I don’t like lists.
Written lists.
Lists written out to try and impart knowledge and information to the reader.
I do like being able to dip in to things, in an exploratory, unconnected fashion, Wikipedia for instance. But lists, especially in modern SEO writing for the web, have turned in to some bastardized version of useful information. I automatically hate you and your entire family lineage if you have a barely related animated GIF for each bullet point.
My usual train of thought is “a list that isn’t a list”, e.g. https://justinlloyd.li/blog/3d-printer-purchase/ for a 3D printer purchase or my three year long train of thought on prime number research at https://justinlloyd.li/blog/prime-number/. This list that isn’t a list train of thought automatically makes me better than you and I will also silently judge you at the next cocktail party we find ourselves at. There may even be quiet, barely audible seething involved.
On a side note, when I am writing a lengthy article, I usually assemble a list of bullet points first, the outline, and then convert the bullet points into prose, and then re-order the prose, then edit the prose so that it flows. Hundreds of published articles. There isn’t a modern software development trade or software industry magazine I haven’t gotten a published article in to, in some form. And my article always starts as an outline of the subject I wish to talk about.
A list.
One brief thought per line.
Typed up in OneNote with any kind of spell check switched off, or a basic text editor such as Sublime, with no formatting or styling or care for grammar or punctuation or spelling. No annoying squiggly red lines to distract me from my train of thought. Short cut keys to move things around.

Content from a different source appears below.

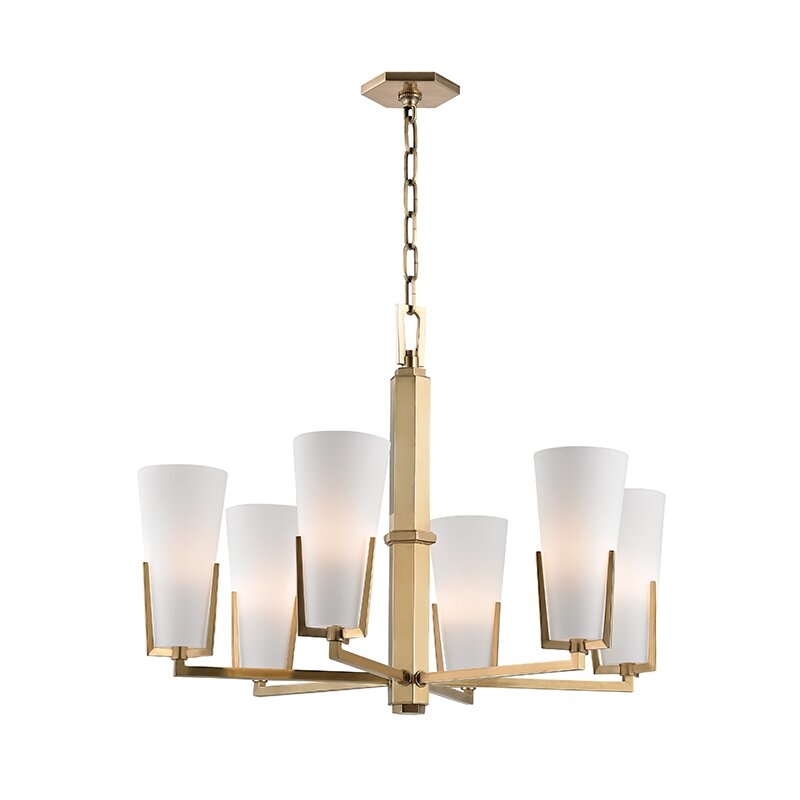 Hudson Valley Lighting Upton 6-Light Shaded Classic / Traditional Chandelier Finish: Aged Brass - Image 0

But I think lists, as a published medium, are a terrible, terrible travesty of the modern web, because they are so abused.
And bullet pointed lists in a presentation, I consider those kinds of things to be used by people who don’t understand the subject, to teach people even less knowledgable about the subject, everything that they know. Which ain’t much. Again, silent judging at cocktail parties that because I am better than you.